Cablegate: Verdict Reached in Trial of Murdered Sudanese Journalist
DE RUEHKH #1767 3171232
ZNR UUUUU ZZH
R 131232Z NOV 07
FM AMEMBASSY KHARTOUM
TO SECSTATE WASHDC 9150
UNCLAS KHARTOUM 001767
DEPT FOR AF/SPG, DS/IP/AF, and DS/OPO/FPD
E.O. 12958: N/A
TAGS: PHUM PGOV KDEM SCUL ASEC SU
SUBJECT: VERDICT REACHED IN TRIAL OF MURDERED SUDANESE JOURNALIST
1. (SBU) On November 10 a Khartoum criminal court convicted ten
individuals in the 2006 murder of prominent Sudanese journalist
Mohamed Taha Mohamed Ahmed, including a U.S. Embassy local guard.
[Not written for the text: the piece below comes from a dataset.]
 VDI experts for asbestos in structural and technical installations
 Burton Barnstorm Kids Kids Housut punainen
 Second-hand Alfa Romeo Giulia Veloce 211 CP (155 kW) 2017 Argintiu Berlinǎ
While most press reports indicated that the convicted men were all
from the troubled Darfur region, an Embassy investigator told poloff
that they came from various regions and tribes. The presiding judge
sentenced the ten men to death by hanging; the defense team has said
that it will appeal the verdict.
2. (SBU) During the investigation and subsequent trial, local
Embassy investigators and guards presented statements to the court
on behalf of the detained employee (who is from the Fur tribe), who
was on duty at the time the crime allegedly took place. The employee
told Embassy investigators that he had been instructed by his
arrestors to confess, and to claim that he had used an Embassy
vehicle during the crime (which he refused to do, telling them that
guards were not permitted to drive Embassy vehicles). Amnesty
International and the United Nations Mission in Sudan have reported
that the detainees were tortured in order to extract confessions.
3. (SBU) On September 5, 2006 masked assailants kidnapped Mohamed
Taha, the editor-in-chief of 'Al Wafaq,' from his home in Khartoum;
his decapitated body was found the following day south of the city.
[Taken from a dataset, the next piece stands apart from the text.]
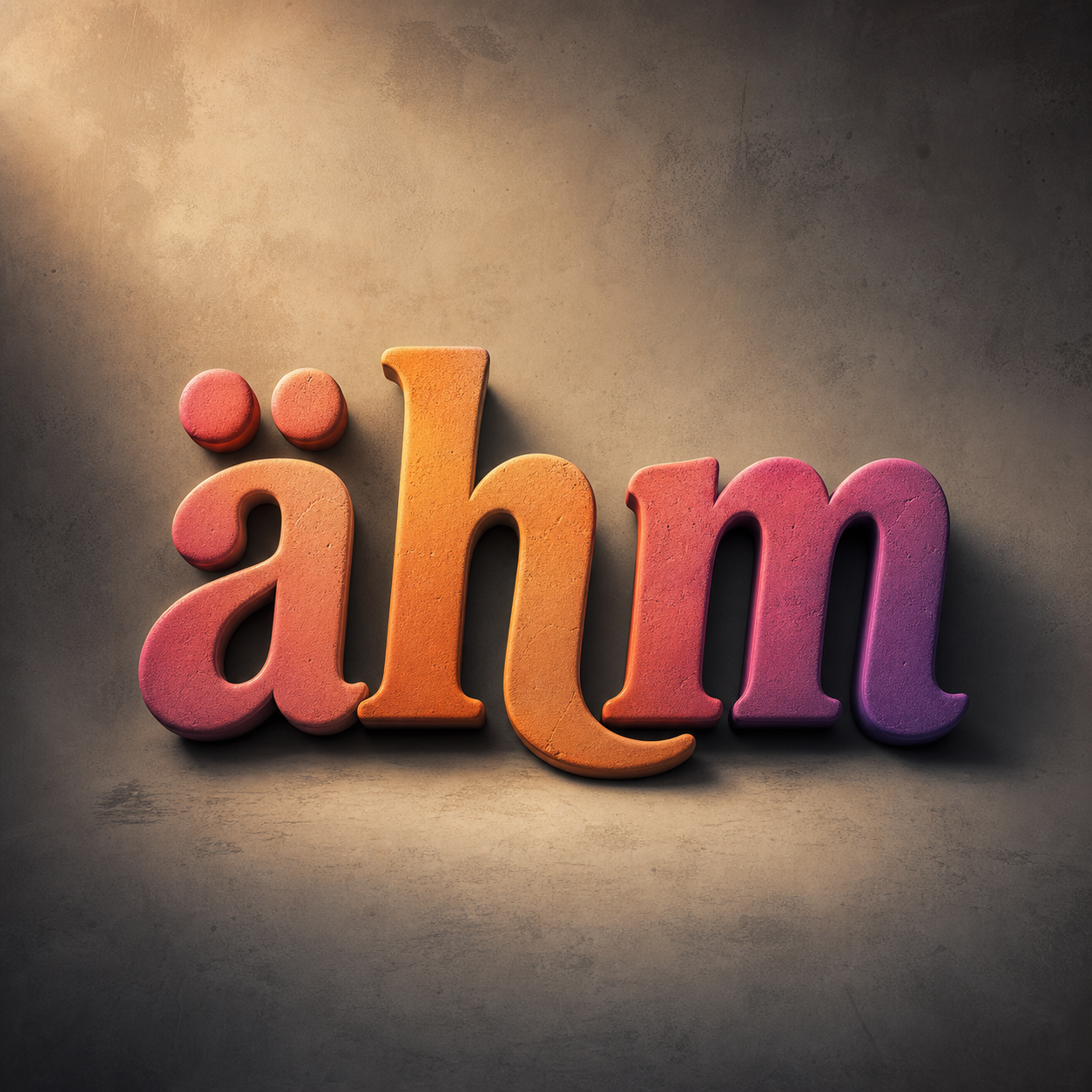 Das ähm in der Nähmaschine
The murder shocked the country, drawing parallels to Al Qaeda
killings in Iraq. The editor had faced criminal charges in May 2005
after republishing an article regarding the origins of the Prophet
Mohamed and a court had ordered 'Al Wafaq' to suspend publication
for three months. The editor had also angered many Darfuris after
publishing articles criticizing the morals of Darfuri women.
Following the editor's murder, a Khartoum court barred newspapers
from reporting on the criminal investigation; this ban continued
throughout the trial, as well.
4. (SBU) More than 70 people were detained during the five month
investigation, mostly of Darfuri origin. According to the United
Nations Mission in Sudan, several were forced to claim affiliation
with Darfur rebel groups. Nineteen individuals, including two women,
were ultimately charged in connection with the murder. The trial
opened in Khartoum on February 21. In August, nine of the defendants
were acquitted for lack of evidence. Defense lawyers pleaded not
guilty for the remaining 10 defendants.